Household Wealth in Italy in 2013Supplements to the Statistical Bulletin - Monetary and Financial Indicators

At the end of 2013 Italian households’ net wealth amounted to €8,728 billion, corresponding to an average of €144,000 per person and €356,000 per household. Real assets accounted for 60 per cent of total wealth, financial assets for the remaining 40 per cent. Liabilities amounting to under €900 billion accounted for just over 9 per cent of total assets.

In 2013 total net wealth was down by 1.4 per cent at constant prices from a year earlier; the 3.5 per cent decline in the value of real assets, due to the 5.1 per cent fall in house prices, was only partly offset by an increase of 2.1 per cent in financial assets and a reduction of 1.1 per cent in liabilities. In real terms (using the consumption deflator) net wealth fell by 1.7 per cent.
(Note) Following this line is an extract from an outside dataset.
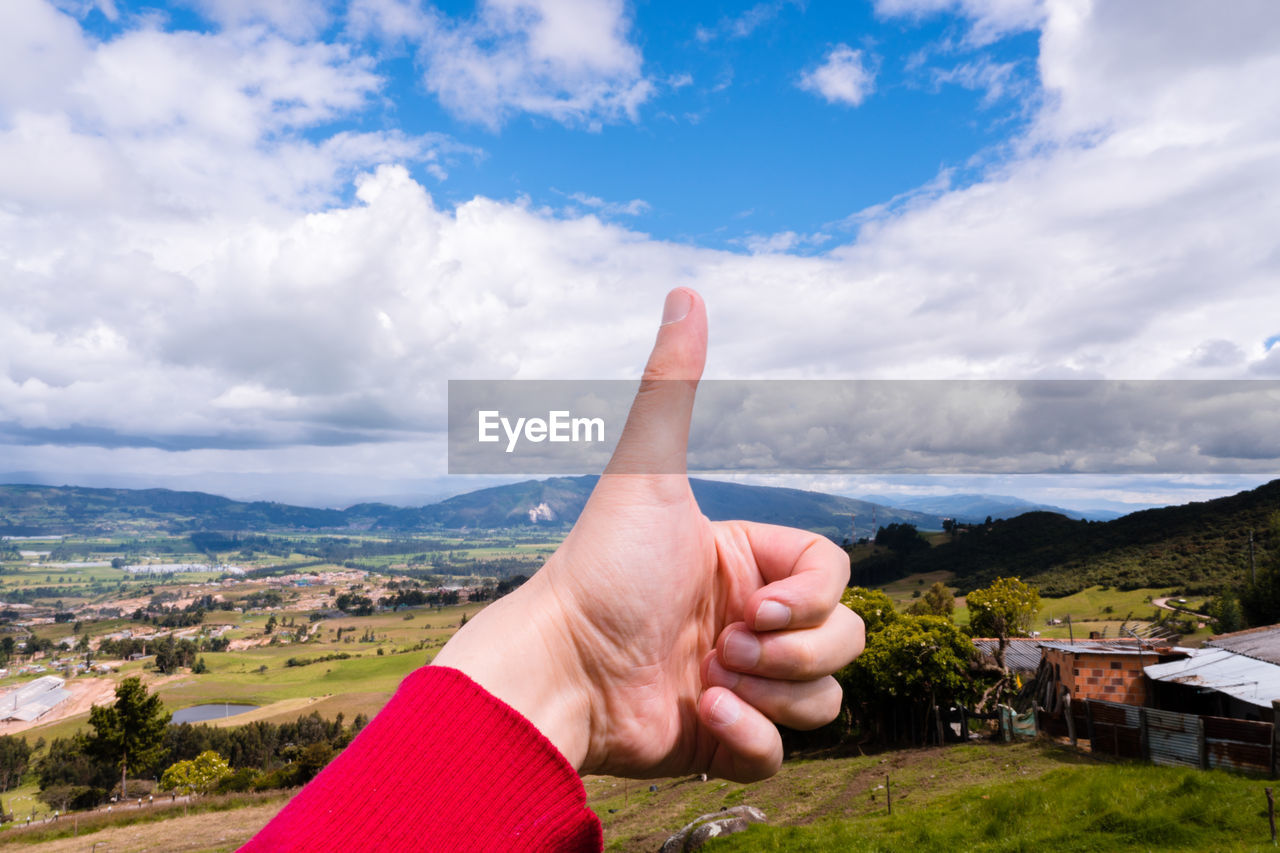 Person showing thumbs up against sky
The cumulative decline at constant prices since the end of 2007 came to 8 per cent.

According to preliminary estimates, in the first half of 2014 Italian households’ net wealth diminished by a further 1.2 per cent in nominal terms with respect to December 2013.
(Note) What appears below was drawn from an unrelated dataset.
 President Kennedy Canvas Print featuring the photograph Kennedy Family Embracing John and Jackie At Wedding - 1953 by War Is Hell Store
At the end of 2013 Italian household wealth in the form of housing exceeded €4,900 billion, down by 4.1 per cent from a year earlier (-4.4 per cent in real terms).
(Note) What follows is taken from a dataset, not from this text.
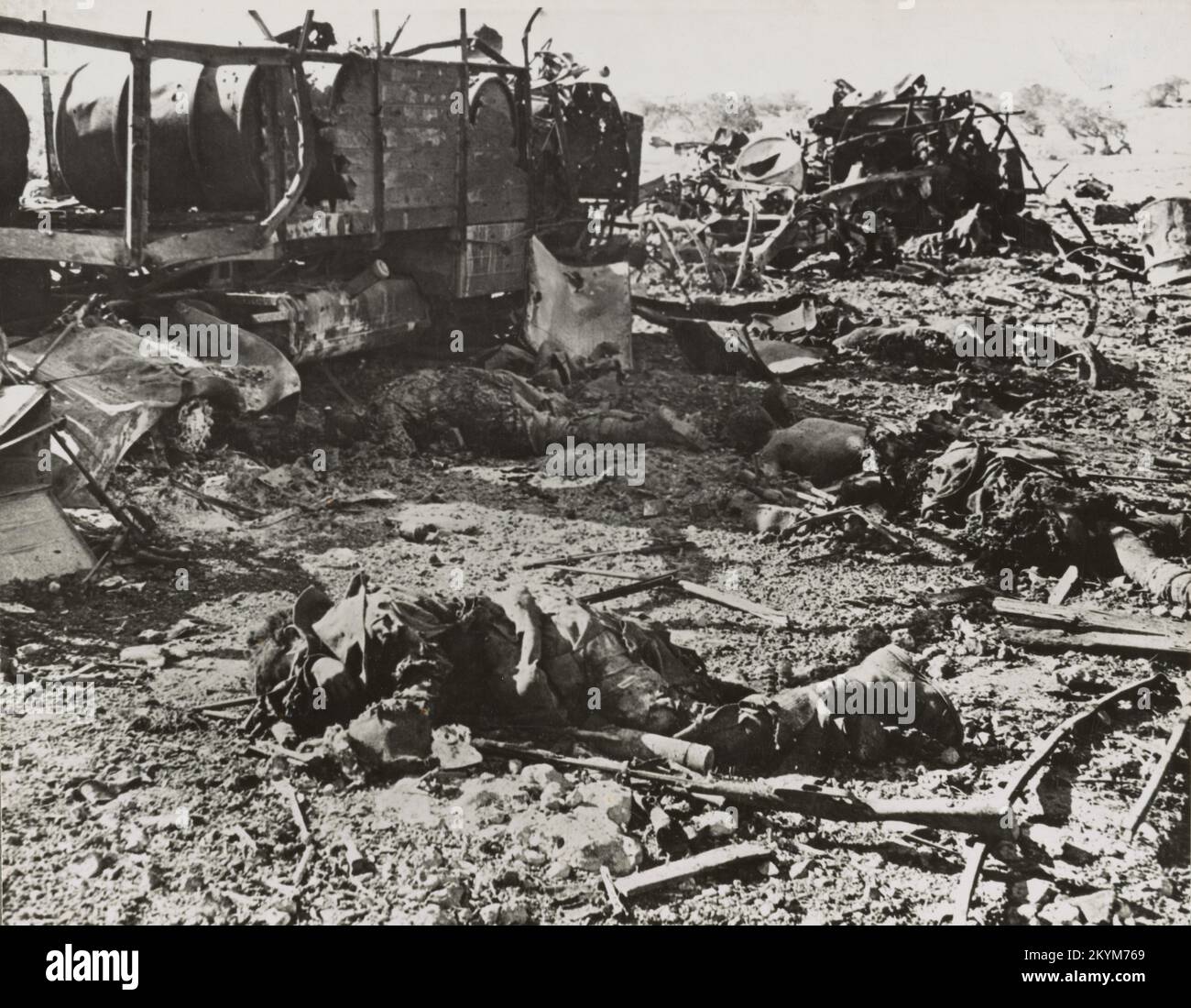 Vintage photo circa 1941 of dead Italian soldiers and destroyed vehicles after an attack by British artillery in the battle for Cyrenaica Libya. Stock Photo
Notwithstanding the decline in recent years, Italian households’ net wealth is high by international standards. In 2012 it was equal to 8 times gross disposable income, comparable to the ratio in France, Japan and the United Kingdom and higher than in the United States, Germany and Canada. Real assets were equal to 5.4 times gross disposable income, a ratio second only to that for French households. Although it has increased significantly in the past decade, the level of household debt in Italy is relatively low at 81 per cent of disposable income.